Zulässiger (dispositiver) Inhalt eines Mietvertrages über Geschäftsräume:

Verwendungszweck

  • Zweck bestimmt die zulässige Nutzung
  • bestimmt den vertragsgemässen Zustand des Mietobjektes (wichtig falls Mängel geltend gemacht werden)

Mietdauer

  • Festlegung Mietbeginn
  • Festlegung ob befristetes (inkl. Dauer) oder unbefristetes Mietverhältnis
  • evtl. Festlegung Kündigungsfrist
  • evtl. Einräumung eines einseitigen Kündigungsrecht zu Gunsten des Mieters
  • evtl. Festlegung einer Option auf Verlängerung zu Gunsten des Mieters
    • Achtung: sog. unechte Optionen (d.h. wenn zukünftiger Mietzins nicht festgelegt resp. bestimmbar ist) sind nicht durchsetzbar

Sicherheitsleistung (vgl. OR 257e)

  • vgl.
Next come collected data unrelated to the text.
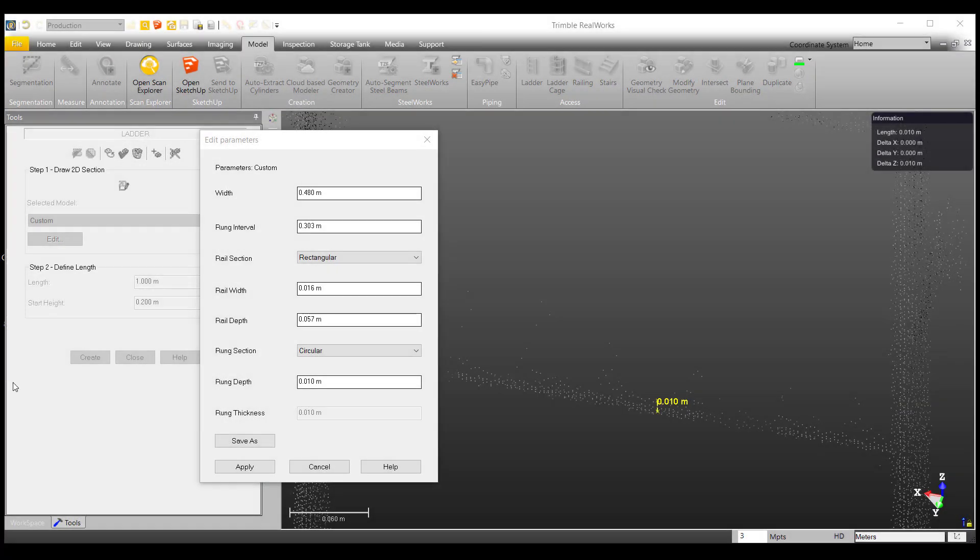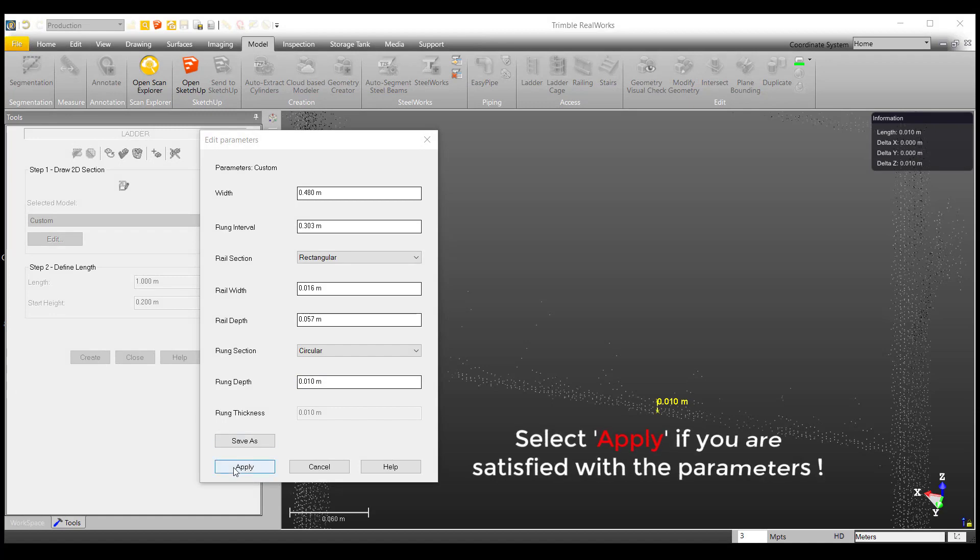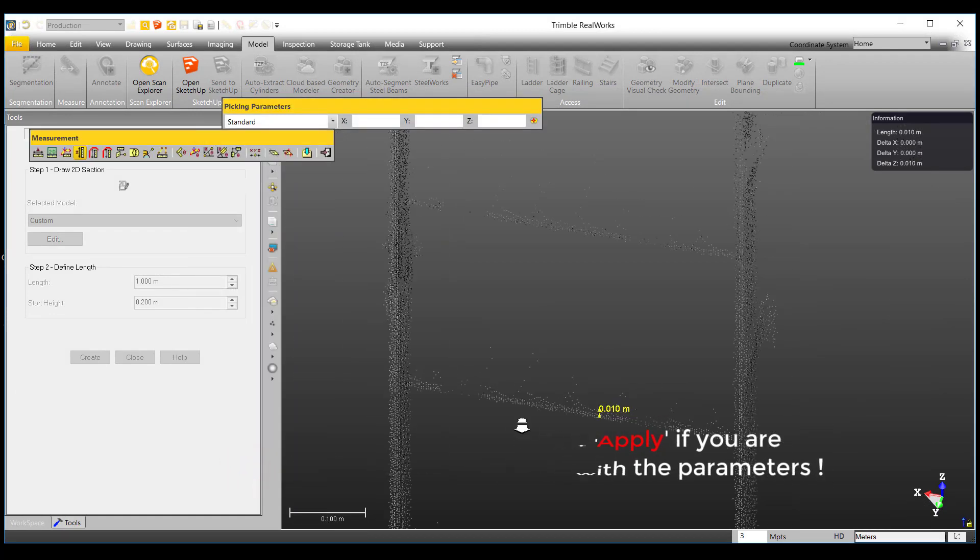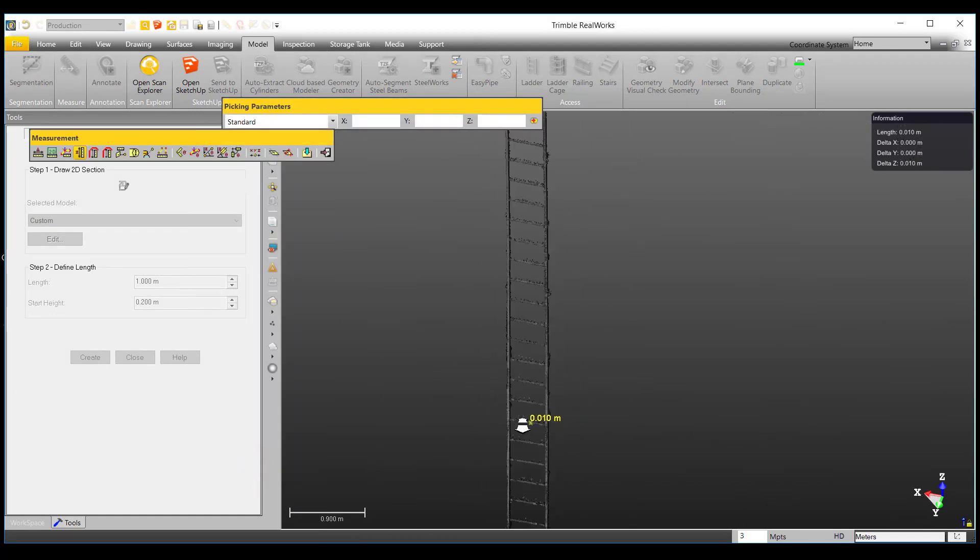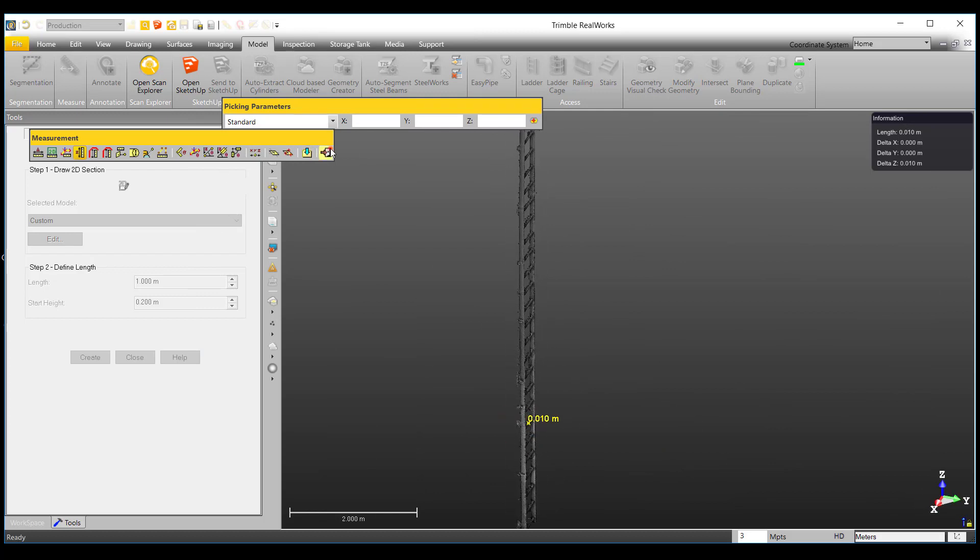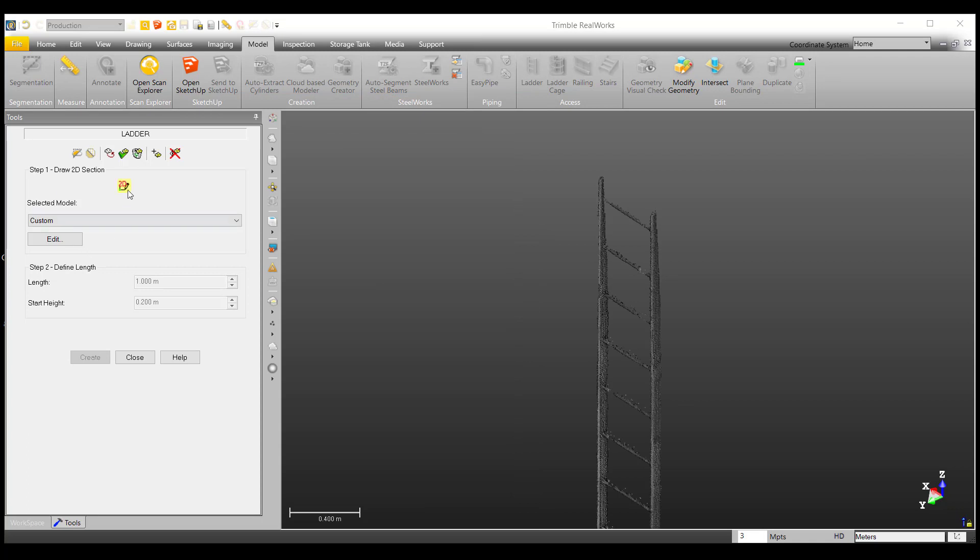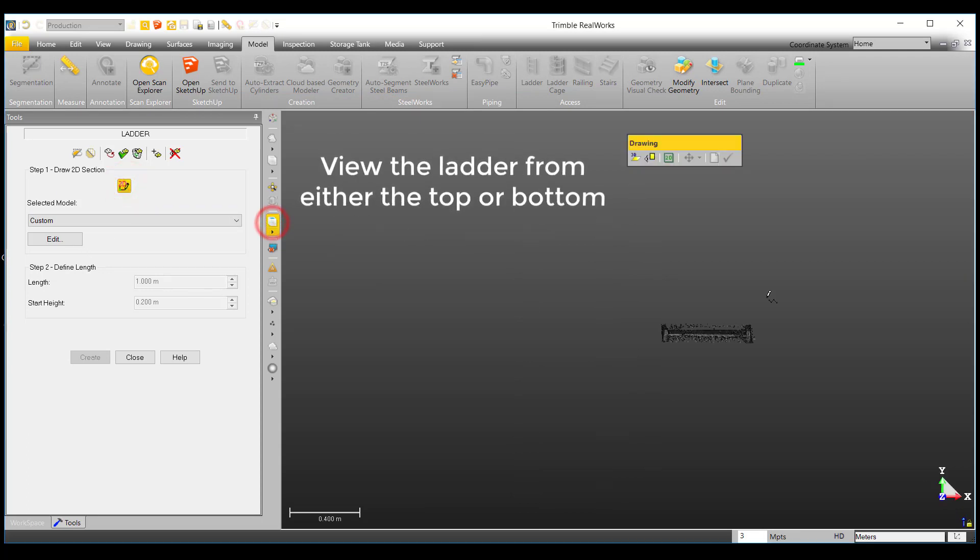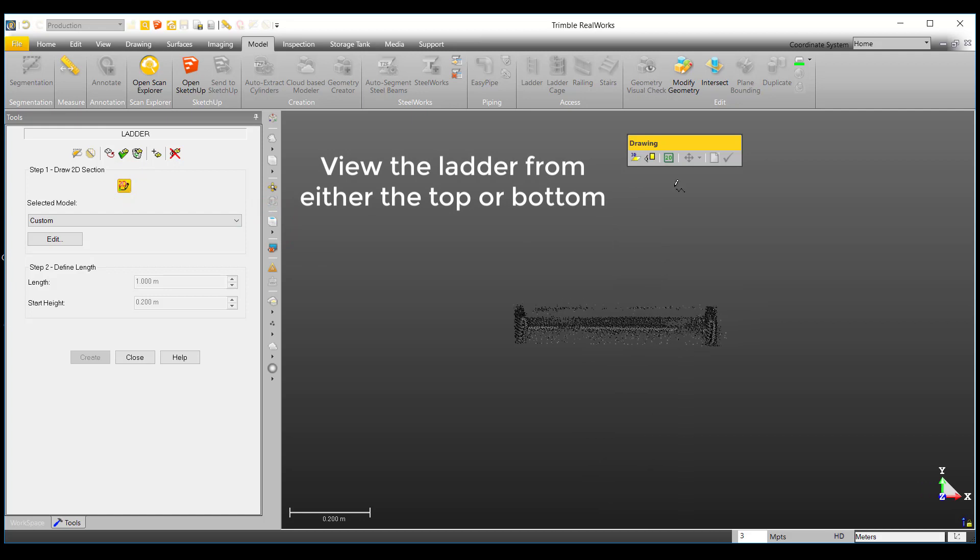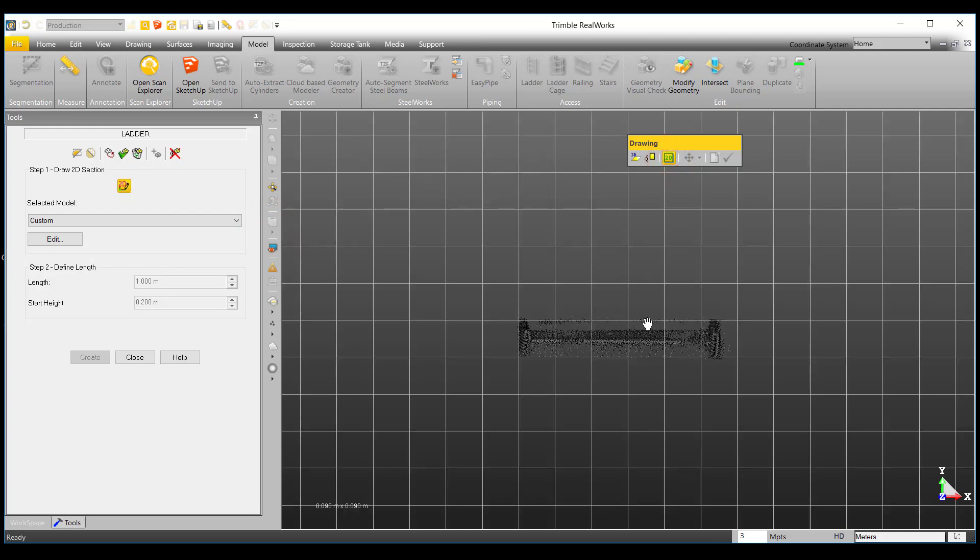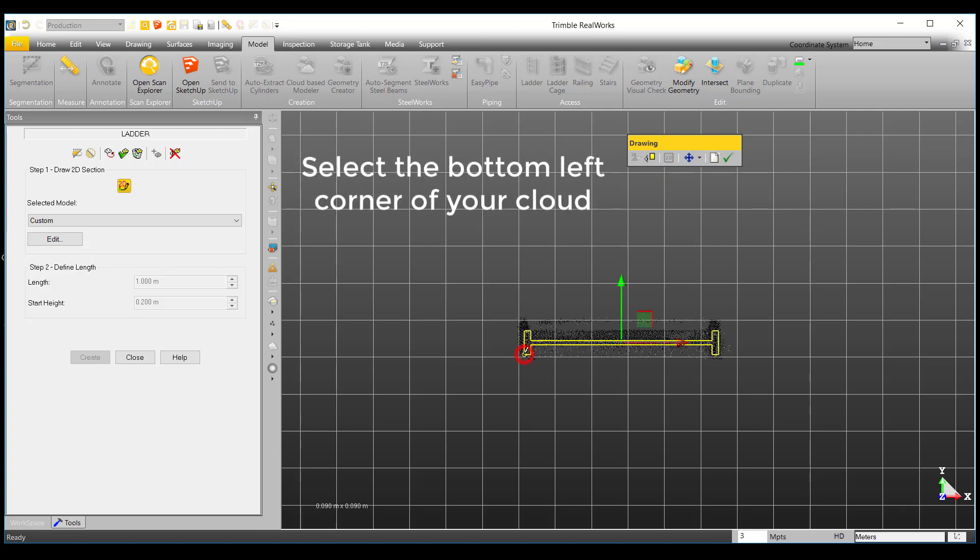Once we are satisfied with our measurements, we can go ahead and hit apply. Now that we have our parameters measured, we can define a 2D section representing our ladder. First, use either the top or bottom view and use the Lock in 2D option to align your point cloud horizontally. Once you have your cloud aligned, select the bottom left corner of your ladder to create a 2D section.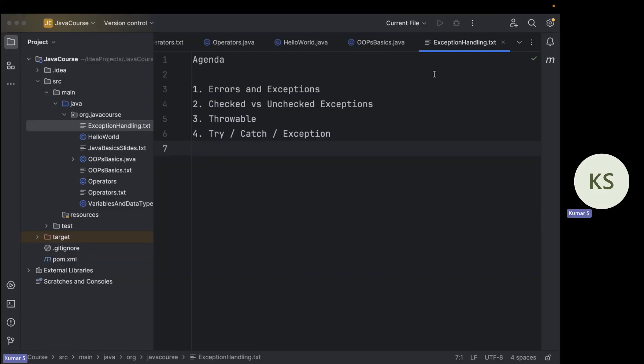Hi everyone, I am Kumar, welcome to today's video. Today we will be learning about exception handling in Java. We'll see the difference between errors and exceptions, types of exceptions, what is the throwable class, how to catch exceptions, and finally how to create your own exceptions. This is the agenda for today's class.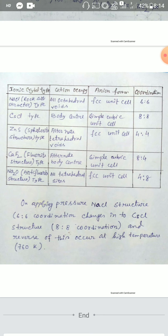For cesium chloride type: the cation (Cs⁺) occupies the body center, the anion (Cl⁻) forms a simple cubic unit cell, and the coordination number ratio is 8:8. For zinc blende (ZnS) sphalerite structure: cations occupy alternate tetrahedral voids, the anion (S²⁻) forms an FCC unit cell, and the coordination number ratio is 4:4.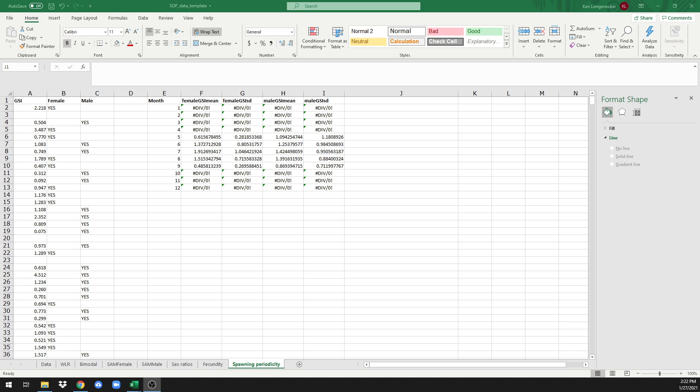Welcome back to the series of short tutorials explaining how to do reproductive analysis in Excel following the instructions in the standard operating procedure linked in the description below. This tutorial is on calculating spawning periodicity. In this case, we're looking at how spawning effort changes with month, and we're measuring or estimating spawning effort with a GSI or gonadosomatic index. Three columns are automatically populated once you add your data.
Mietzinsdepot / Mietzinskaution
  • vertragliche Vereinbarung nötig
  • unbeschränkte Höhe
  • in Form von Geld oder Wertpapieren
    • muss bei einer Bank auf den Namen des Mieters hinterlegt werden
    • Bank gibt diese nur mit Zustimmung beider Parteien, aufgrund eines rechtskräftigen Zahlungsbefehls / Urteils oder wenn der Vermieter innert einem Jahr seit Beendigung des Mietverhältnisses keinen Anspruch gegen diesen erhebt.
  • in Form einer Bankgarantie
    • abstraktes Zahlungsversprechen einer Bank, für den Fall, dass bestimmte Voraussetzungen eintreten (z.B. Aufforderung des Vermieters, dass ein bestimmter Betrag aus dem Mietverhältnis geschuldet ist)
    • Bank kann keine Einwendungen aus dem Grundgeschäft (z.B. dass Mietvertrag nicht gültig sei oder Mietzinse nicht geschuldet) erheben
    • Bank wird eine solche Garantie nur ausstellen, wenn sie vom Mieter genügend Sicherheiten hat
  • in Form einer Bürgschaft
    • akzessorische Verpflichtung des Bürgen, ebenfalls für die Hauptschuld einzustehen
    • Achtung: diverse Gesetzesvorschriften sind zu beachten!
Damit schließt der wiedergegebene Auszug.